*** Opening Provided entries ***
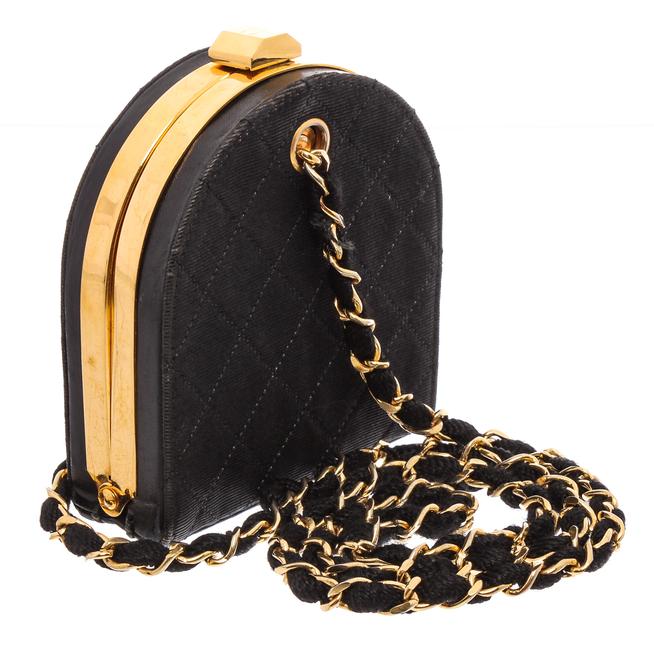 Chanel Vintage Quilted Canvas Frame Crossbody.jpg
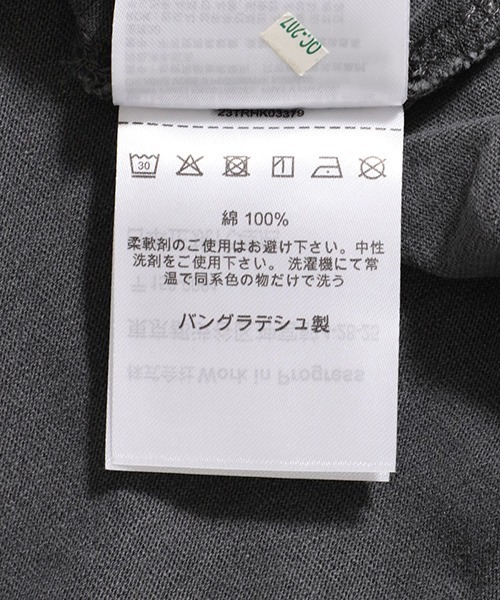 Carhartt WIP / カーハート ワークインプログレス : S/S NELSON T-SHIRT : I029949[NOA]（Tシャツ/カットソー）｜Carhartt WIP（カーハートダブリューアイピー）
*** Closing Provided entries ***
*** Opening Provided entries ***
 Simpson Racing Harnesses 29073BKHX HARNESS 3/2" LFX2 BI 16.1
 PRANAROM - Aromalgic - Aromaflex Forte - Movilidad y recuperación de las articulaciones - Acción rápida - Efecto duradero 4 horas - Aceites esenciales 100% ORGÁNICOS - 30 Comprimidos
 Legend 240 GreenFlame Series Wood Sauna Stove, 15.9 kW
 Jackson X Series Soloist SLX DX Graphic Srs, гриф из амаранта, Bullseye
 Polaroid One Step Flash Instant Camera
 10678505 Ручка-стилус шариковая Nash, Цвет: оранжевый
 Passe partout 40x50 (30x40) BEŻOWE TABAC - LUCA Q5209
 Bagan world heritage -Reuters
*** Closing Provided entries ***
*** Opening Provided entries ***
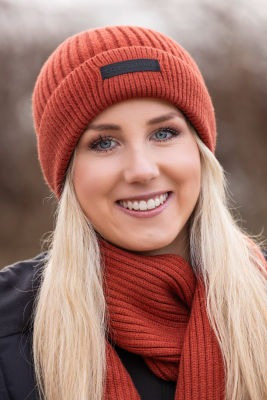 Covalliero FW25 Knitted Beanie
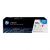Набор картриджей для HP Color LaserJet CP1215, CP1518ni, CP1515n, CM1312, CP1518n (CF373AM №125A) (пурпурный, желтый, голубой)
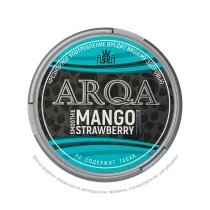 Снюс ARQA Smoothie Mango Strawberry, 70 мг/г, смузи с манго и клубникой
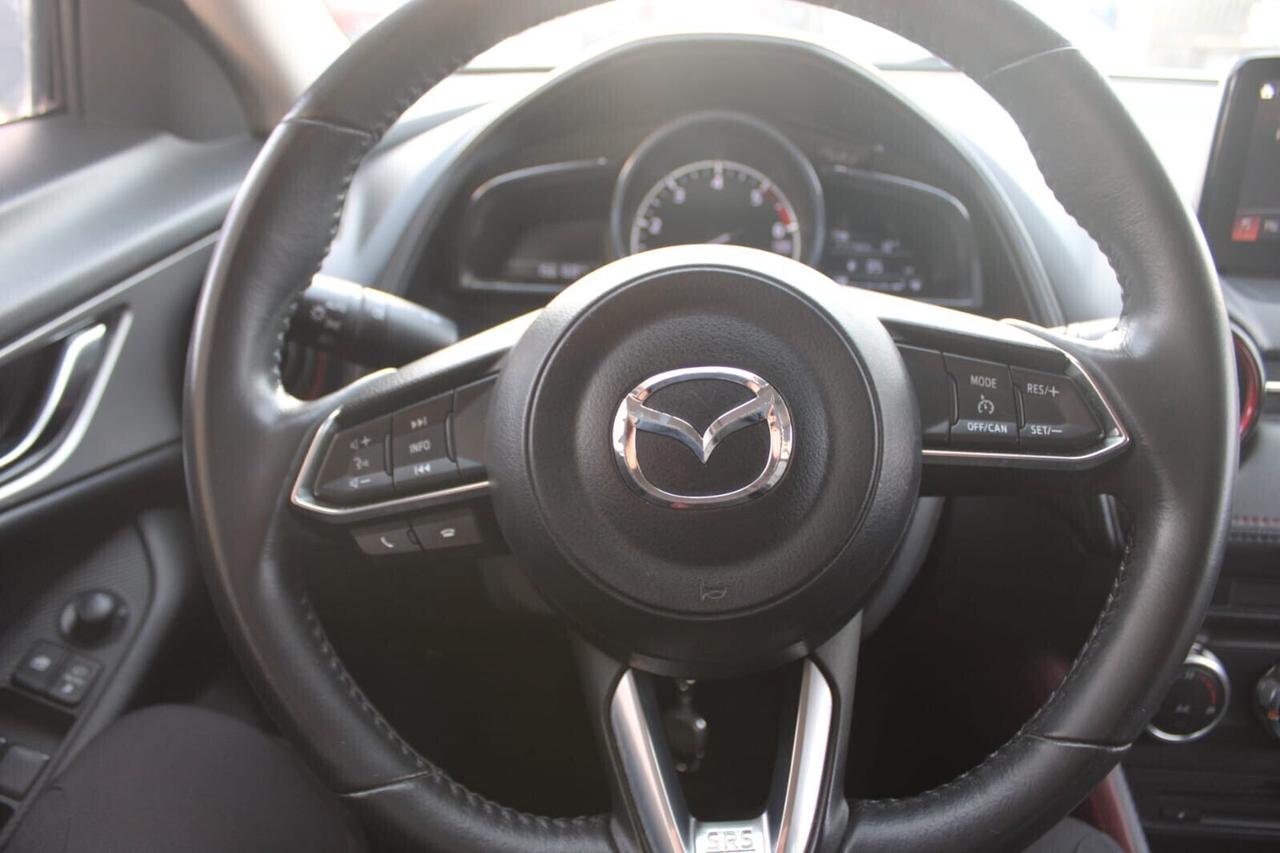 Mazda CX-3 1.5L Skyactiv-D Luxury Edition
*** Closing Provided entries ***
> [How to complete this task] In the material above, find the line containing "Jackson X Series" and the line containing "Bagan world heritage -Reuters", then write out exactly those two lines and every line between them, and nothing more.

> [Response to the task]
 Jackson X Series Soloist SLX DX Graphic Srs, гриф из амаранта, Bullseye
 Polaroid One Step Flash Instant Camera
 10678505 Ручка-стилус шариковая Nash, Цвет: оранжевый
 Passe partout 40x50 (30x40) BEŻOWE TABAC - LUCA Q5209
 Bagan world heritage -Reuters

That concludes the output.